AVAILABLE DATA:
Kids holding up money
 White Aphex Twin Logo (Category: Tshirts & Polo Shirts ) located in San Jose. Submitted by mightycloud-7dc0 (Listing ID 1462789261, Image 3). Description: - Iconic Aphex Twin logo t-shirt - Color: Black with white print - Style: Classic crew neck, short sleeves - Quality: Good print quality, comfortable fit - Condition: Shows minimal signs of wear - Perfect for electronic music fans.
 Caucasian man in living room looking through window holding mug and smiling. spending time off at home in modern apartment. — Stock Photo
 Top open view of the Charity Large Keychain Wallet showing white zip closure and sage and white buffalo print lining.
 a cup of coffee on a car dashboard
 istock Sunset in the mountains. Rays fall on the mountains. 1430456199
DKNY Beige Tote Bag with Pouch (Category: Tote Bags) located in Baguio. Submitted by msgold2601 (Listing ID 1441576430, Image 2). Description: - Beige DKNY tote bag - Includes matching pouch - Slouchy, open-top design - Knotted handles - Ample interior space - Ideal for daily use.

AIM OF THE EXERCISE:
Print exactly the lines of the records from the one containing "istock Sunset in" through the end, and nothing besides them.

COMPLETED EXERCISE:
 istock Sunset in the mountains. Rays fall on the mountains. 1430456199
DKNY Beige Tote Bag with Pouch (Category: Tote Bags) located in Baguio. Submitted by msgold2601 (Listing ID 1441576430, Image 2). Description: - Beige DKNY tote bag - Includes matching pouch - Slouchy, open-top design - Knotted handles - Ample interior space - Ideal for daily use.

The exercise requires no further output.